Experts agree that new technology will eventually revolutionize the conventional models for real estate transactions and ownership, but there are varying opinions about which technologies will triumph and the industry on its head. At a recent forum sponsored by the Massachusetts Institute of Technology (MIT), the message was clear: Blockchain is coming. The only question is when.

Blockchain, the technology that supports bitcoin, has been around since 2009, but its applications are still relatively few. It is essentially an open, secure record-keeping system consisting of “blocks” that contain valid transactions, linked together by “chains.” That sounds simple, but the applications of this technology are complex, and many companies – including many financial institutions – are investing in small companies looking to apply blockchain to disrupt other industries, including real estate.

At an Oct. 6 forum titled “MIT Real Disruption: Real Estate Blockchain” sponsored by the MIT Center for Real Estate, the tone of the speakers was plainly revolutionary. It felt like listening to a business pitch from Uber in 2008: A fantastic idea that might be too radical to actually pull off.

MIT grad Avi Spielman, president of Joon Properties and a panelist at the forum, wrote his graduate thesis on how blockchain could replace the current Registry of Deeds systems used in nearly every county in America. Blockchain will make recording real estate data faster and cheaper, enable lending and improve liquidity for homeowners, he said.

“What can happen is, over time the system builds itself out accurately,” Spielman said. “It would eliminate the need for third-party organizations to oversee the process. Registers are essentially just curators of information.”

While errors could still find their way into a blockchain system, there would be far fewer of them since the data is only entered once.
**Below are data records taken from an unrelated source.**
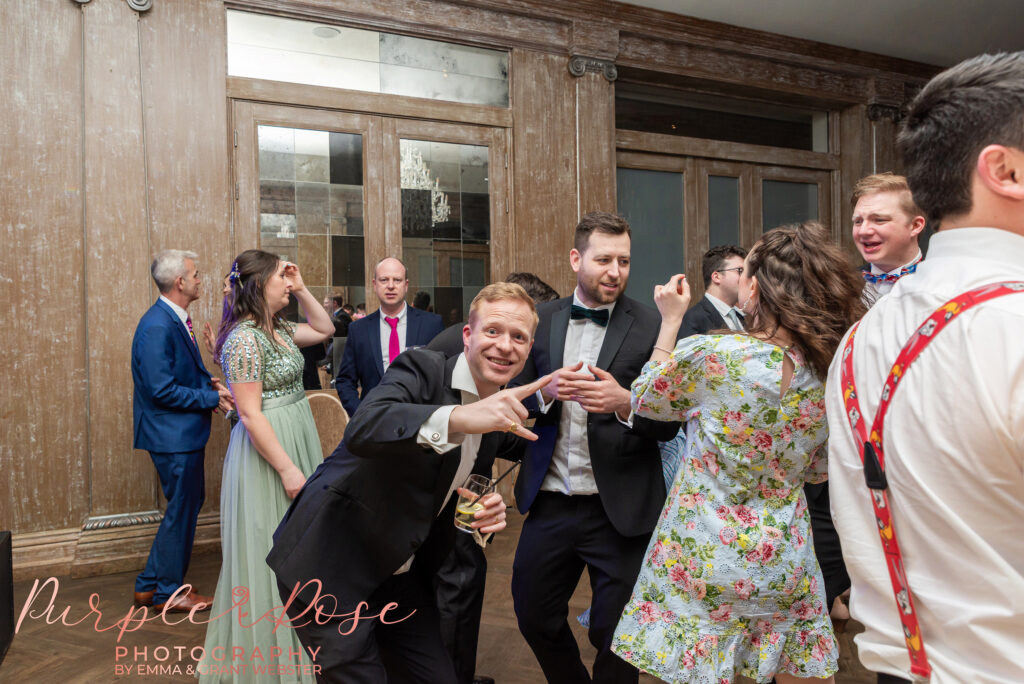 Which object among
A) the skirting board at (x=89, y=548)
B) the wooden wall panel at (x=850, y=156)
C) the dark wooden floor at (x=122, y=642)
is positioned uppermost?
the wooden wall panel at (x=850, y=156)

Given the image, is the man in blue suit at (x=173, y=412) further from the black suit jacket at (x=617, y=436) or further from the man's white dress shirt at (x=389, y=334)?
the black suit jacket at (x=617, y=436)

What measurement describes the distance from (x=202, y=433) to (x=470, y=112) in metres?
3.12

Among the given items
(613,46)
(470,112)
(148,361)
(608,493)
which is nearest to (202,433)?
(148,361)

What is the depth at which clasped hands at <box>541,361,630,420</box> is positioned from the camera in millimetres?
2133

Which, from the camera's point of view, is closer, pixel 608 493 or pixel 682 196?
pixel 608 493

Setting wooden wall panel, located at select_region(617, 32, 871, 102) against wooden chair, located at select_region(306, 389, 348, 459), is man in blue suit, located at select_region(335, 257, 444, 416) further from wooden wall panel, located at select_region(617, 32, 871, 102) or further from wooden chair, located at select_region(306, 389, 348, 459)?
wooden wall panel, located at select_region(617, 32, 871, 102)

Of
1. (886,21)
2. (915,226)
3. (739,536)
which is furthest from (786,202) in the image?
(739,536)

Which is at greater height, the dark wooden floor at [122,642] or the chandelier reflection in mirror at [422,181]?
the chandelier reflection in mirror at [422,181]

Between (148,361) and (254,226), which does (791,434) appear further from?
(254,226)

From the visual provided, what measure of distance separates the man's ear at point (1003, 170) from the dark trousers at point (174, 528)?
3.93 meters

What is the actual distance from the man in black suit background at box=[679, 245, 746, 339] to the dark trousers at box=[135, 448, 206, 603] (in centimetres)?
286

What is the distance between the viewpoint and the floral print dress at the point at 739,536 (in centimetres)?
181

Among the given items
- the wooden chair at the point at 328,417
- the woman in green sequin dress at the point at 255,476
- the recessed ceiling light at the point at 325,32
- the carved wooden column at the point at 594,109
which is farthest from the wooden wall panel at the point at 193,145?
the carved wooden column at the point at 594,109

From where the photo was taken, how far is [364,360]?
4.37m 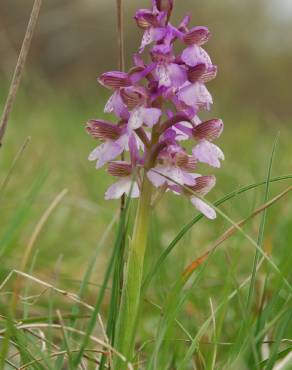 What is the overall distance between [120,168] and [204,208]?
17 cm

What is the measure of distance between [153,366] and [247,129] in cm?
568

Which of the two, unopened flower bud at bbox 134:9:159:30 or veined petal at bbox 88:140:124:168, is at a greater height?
unopened flower bud at bbox 134:9:159:30

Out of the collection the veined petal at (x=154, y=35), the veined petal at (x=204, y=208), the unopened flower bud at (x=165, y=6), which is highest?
the unopened flower bud at (x=165, y=6)

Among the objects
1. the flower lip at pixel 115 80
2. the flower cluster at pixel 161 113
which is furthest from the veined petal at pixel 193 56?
the flower lip at pixel 115 80

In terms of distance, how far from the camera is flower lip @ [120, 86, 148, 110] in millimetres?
1218

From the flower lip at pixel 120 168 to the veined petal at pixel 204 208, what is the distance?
0.13m

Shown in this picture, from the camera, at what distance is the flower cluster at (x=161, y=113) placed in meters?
1.21

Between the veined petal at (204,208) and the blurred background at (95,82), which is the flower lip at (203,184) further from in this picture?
the blurred background at (95,82)

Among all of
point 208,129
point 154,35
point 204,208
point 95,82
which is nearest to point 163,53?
point 154,35

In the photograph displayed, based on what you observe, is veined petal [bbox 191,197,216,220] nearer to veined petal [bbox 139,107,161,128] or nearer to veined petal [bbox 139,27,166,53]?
veined petal [bbox 139,107,161,128]

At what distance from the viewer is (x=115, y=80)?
126 cm

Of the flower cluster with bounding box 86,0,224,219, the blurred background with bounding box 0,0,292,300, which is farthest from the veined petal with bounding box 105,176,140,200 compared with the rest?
the blurred background with bounding box 0,0,292,300

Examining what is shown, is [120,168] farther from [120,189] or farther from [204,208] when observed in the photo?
[204,208]

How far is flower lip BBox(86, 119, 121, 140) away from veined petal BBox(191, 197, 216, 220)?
187 mm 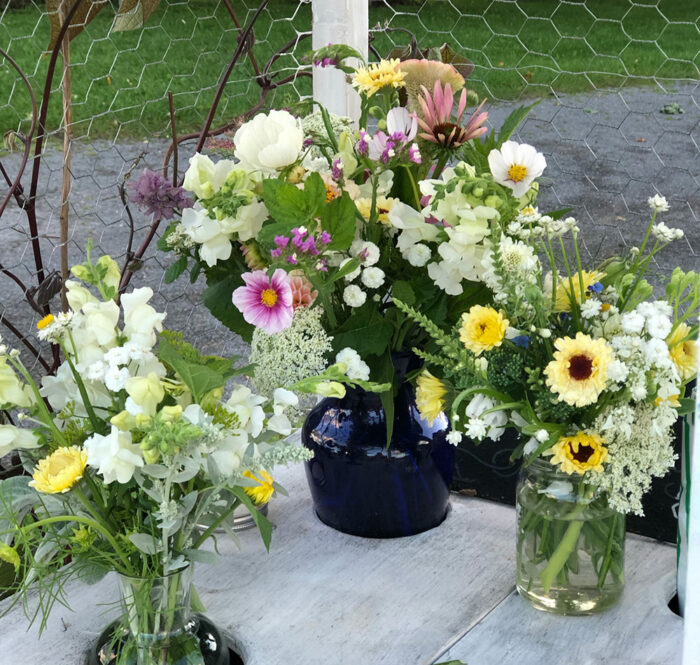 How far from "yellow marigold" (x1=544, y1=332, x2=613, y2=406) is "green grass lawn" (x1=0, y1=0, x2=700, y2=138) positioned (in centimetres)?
103

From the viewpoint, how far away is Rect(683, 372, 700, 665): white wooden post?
45cm

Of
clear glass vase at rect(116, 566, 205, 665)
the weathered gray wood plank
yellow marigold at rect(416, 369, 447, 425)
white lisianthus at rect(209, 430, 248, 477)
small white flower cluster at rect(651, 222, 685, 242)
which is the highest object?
small white flower cluster at rect(651, 222, 685, 242)

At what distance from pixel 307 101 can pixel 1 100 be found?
3.18 metres

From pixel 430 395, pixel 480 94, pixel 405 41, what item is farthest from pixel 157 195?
pixel 405 41

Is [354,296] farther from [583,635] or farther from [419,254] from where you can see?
[583,635]

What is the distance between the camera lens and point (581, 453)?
0.68 meters

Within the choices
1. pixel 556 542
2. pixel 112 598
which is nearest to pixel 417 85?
pixel 556 542

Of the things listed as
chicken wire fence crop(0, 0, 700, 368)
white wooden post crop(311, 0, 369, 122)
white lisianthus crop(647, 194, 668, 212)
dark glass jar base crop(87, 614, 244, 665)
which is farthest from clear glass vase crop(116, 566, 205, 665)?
chicken wire fence crop(0, 0, 700, 368)

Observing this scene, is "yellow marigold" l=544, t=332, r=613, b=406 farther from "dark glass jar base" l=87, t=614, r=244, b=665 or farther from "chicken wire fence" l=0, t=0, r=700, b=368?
"chicken wire fence" l=0, t=0, r=700, b=368

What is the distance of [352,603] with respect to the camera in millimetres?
812

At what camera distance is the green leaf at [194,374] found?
0.61 metres

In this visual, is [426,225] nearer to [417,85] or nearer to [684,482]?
[417,85]

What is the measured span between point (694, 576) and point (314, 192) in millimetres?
372

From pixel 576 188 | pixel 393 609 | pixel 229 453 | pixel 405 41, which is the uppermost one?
pixel 229 453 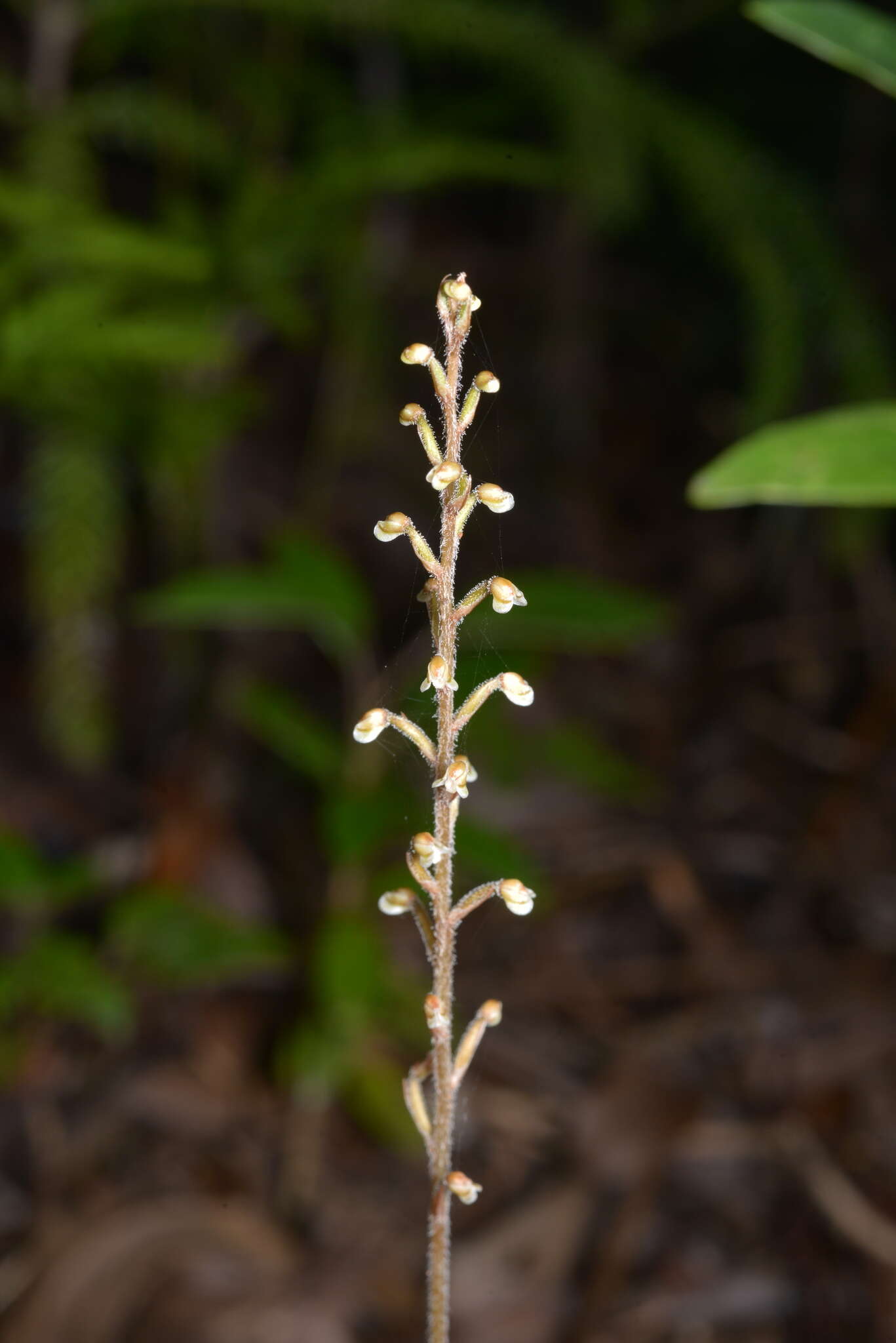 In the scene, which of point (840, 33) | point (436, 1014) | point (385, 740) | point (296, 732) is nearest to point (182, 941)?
point (296, 732)

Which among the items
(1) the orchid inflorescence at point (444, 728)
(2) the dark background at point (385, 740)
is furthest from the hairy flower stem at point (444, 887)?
(2) the dark background at point (385, 740)

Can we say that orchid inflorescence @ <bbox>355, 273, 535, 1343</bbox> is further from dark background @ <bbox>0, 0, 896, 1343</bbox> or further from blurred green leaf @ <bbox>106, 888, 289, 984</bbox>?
blurred green leaf @ <bbox>106, 888, 289, 984</bbox>

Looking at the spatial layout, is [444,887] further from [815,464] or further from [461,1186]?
[815,464]

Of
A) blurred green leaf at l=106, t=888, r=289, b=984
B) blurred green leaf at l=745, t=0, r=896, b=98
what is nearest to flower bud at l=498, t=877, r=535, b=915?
blurred green leaf at l=745, t=0, r=896, b=98

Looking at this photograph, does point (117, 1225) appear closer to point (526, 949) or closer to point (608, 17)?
point (526, 949)

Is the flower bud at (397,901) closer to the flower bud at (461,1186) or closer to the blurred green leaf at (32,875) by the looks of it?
the flower bud at (461,1186)

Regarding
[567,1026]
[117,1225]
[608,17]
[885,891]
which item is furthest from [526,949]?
[608,17] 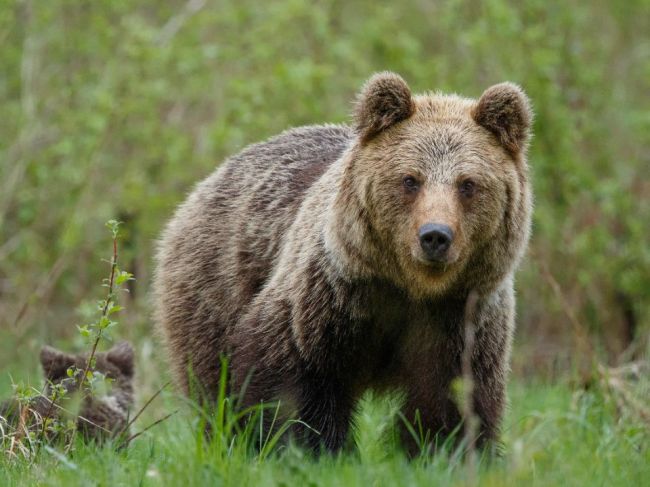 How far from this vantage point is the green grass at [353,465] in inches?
158

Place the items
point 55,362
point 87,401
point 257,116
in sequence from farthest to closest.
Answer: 1. point 257,116
2. point 55,362
3. point 87,401

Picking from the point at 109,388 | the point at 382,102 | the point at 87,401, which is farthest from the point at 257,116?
the point at 382,102

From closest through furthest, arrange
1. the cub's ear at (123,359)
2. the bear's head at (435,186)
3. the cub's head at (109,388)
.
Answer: the bear's head at (435,186)
the cub's head at (109,388)
the cub's ear at (123,359)

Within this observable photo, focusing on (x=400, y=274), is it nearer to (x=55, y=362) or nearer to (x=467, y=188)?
(x=467, y=188)

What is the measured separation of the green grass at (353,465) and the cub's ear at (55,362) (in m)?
0.87

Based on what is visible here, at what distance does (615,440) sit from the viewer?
19.1 feet

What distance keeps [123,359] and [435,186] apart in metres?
Result: 2.71

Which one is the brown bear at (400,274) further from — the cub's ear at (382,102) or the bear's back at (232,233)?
the bear's back at (232,233)

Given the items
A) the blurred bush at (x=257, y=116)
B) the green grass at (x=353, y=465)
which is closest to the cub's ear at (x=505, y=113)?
the green grass at (x=353, y=465)

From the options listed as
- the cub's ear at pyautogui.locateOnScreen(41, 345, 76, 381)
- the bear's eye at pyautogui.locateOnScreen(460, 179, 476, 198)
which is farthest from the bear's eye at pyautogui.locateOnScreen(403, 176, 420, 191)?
the cub's ear at pyautogui.locateOnScreen(41, 345, 76, 381)

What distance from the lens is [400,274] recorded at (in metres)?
5.33

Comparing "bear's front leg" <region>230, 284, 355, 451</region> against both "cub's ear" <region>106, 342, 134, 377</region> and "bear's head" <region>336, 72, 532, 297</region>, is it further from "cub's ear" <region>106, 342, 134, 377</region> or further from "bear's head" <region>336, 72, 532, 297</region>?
"cub's ear" <region>106, 342, 134, 377</region>

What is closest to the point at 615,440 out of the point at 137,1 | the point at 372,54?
the point at 372,54

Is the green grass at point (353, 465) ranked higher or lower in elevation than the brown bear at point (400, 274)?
lower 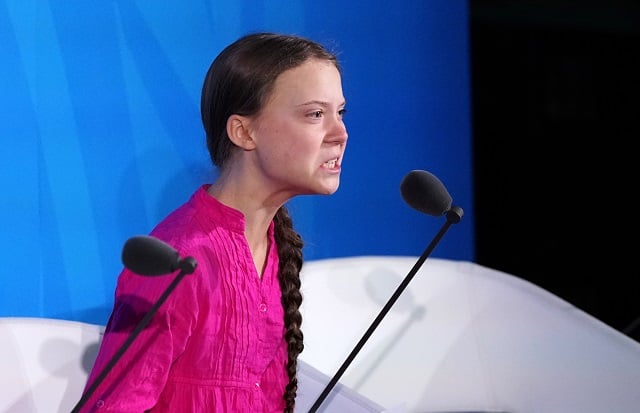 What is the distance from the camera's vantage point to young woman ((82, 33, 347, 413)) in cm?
141

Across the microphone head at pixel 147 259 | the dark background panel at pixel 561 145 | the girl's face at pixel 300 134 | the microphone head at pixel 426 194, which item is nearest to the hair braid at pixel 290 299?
the girl's face at pixel 300 134

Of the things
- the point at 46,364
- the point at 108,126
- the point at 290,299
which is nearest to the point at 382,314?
the point at 290,299

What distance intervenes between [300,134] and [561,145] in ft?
7.03

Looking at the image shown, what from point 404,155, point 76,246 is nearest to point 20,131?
point 76,246

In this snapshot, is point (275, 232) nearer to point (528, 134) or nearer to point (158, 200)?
point (158, 200)

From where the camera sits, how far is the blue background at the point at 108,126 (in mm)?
1801

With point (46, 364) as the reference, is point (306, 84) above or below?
above

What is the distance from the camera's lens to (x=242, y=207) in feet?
4.89

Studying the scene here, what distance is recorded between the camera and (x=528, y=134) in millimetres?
3371

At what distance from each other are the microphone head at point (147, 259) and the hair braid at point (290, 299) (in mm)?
478

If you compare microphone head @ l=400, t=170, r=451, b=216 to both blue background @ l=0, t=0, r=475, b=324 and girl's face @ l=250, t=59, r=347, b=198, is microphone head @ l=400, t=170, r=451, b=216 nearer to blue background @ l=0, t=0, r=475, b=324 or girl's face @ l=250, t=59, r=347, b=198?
girl's face @ l=250, t=59, r=347, b=198

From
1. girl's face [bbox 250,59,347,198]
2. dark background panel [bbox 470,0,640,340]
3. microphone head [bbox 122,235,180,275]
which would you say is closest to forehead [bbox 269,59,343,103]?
girl's face [bbox 250,59,347,198]

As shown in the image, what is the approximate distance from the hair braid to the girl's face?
0.15 m

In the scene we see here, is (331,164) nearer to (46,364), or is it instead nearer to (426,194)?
(426,194) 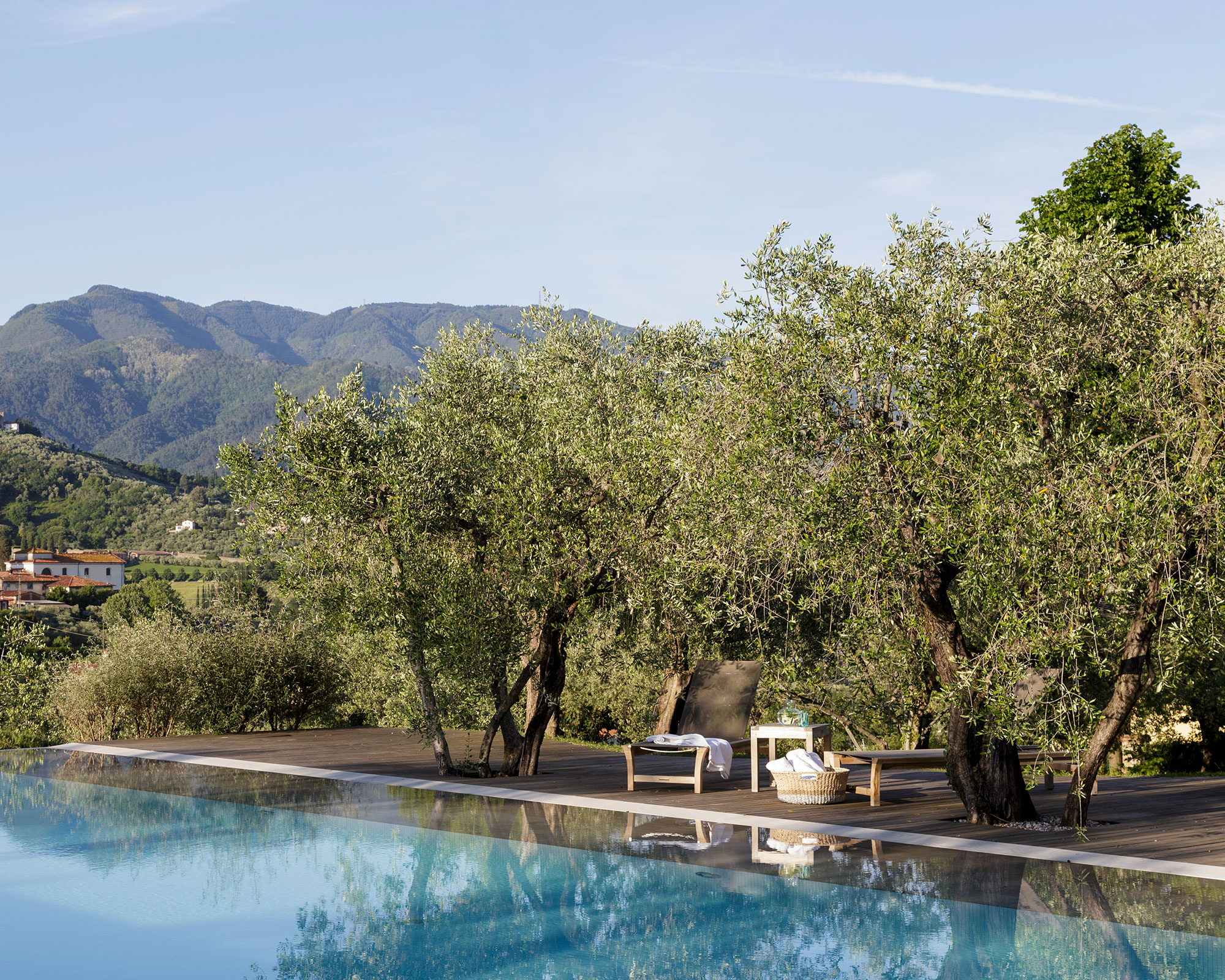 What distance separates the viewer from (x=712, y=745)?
1151 cm

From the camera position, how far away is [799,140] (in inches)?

So with better, safer data, what happens to the demand for title insurance?

“Time will tell. In my research, title companies are excited about blockchain and even more so about digital currencies,” Spielman said. “What a company pays out in claims is nothing compared to what they lose in fraud. When you have a blockchain system, it’s interoperable with other blockchain systems. Recording and payment can work together seamlessly from actual transaction. Blockchain eliminates the need for escrow companies. It effects every step of a real estate transaction.”

Smart Contracts

Blockchain could eliminate escrow companies by using smart contracts. Smart contracts would be electronic contracts located in the blockchain that would only release funds when the terms of the contract are met, essentially what escrow companies do today, though in Massachusetts escrow funds are typically deposited into a bank account by real estate agents.

New York-based Securrency, a financial technology platform that “monetizes excess capacity, creating liquidity for the sharing economy,” according to CEO Dan Doney, is already moving into that space. Using smart contracts, Doney plans – among many other things – to help property owners derive income streams from properties when they’re not using them.

“It’s a lot like an REIT (real estate investment trust) but much more liquid,” he said. “The shares behave like a digital currency that pays a dividend.”

He gave the example of a client who owned several properties in Europe that had great sentimental value to him. The country they were located in fell into debt and increased taxes on presumably wealthy landowners. The problem was the client didn’t have the cash or the income to pay the taxes. Many property owners began to sell, driving prices down, so he didn’t want to sell, either.

“We created a financial tool to monetize the property,” Doney said. “We used things like AirBnb, VRBO, and local real estate agencies to rent the property out. Then we created a financial instrument to borrow against that earning potential. We created a model of securitizing that income stream. We’ve applied this to agriculture, and it’s coming to real estate in 2017.”

Doney’s model takes advantage of what the burgeoning trend of what he calls “usership,” which is somewhere between renting and owning. It is, for example, well-suited to snowbirds who leave their homes empty all winter. Instead of the empty house simply costing the owners money, they could be generating cash flow.

“The use of a property should be much more fluid in the sharing economy than the rental/owner model affords,” Doney said. “We have the tools, but they need to become more common.”

The biggest obstacle is comfort with the status quo, Spielman said; people are content with the current system because they don’t yet understand how much better, faster and cheaper it can be.

“The current systems work,” he said. “People can efficiently access title information for the most part. Even in smaller counties people can still transact. It’s not as if the country is crippled by an inefficient system. Do we need to implement elements of blockchain now? Or continue along the path we know works while we wait for the tech to get better or the digital currency gets more mainstream? This coming year will be very telling. A lot of people will be pushing really hard.”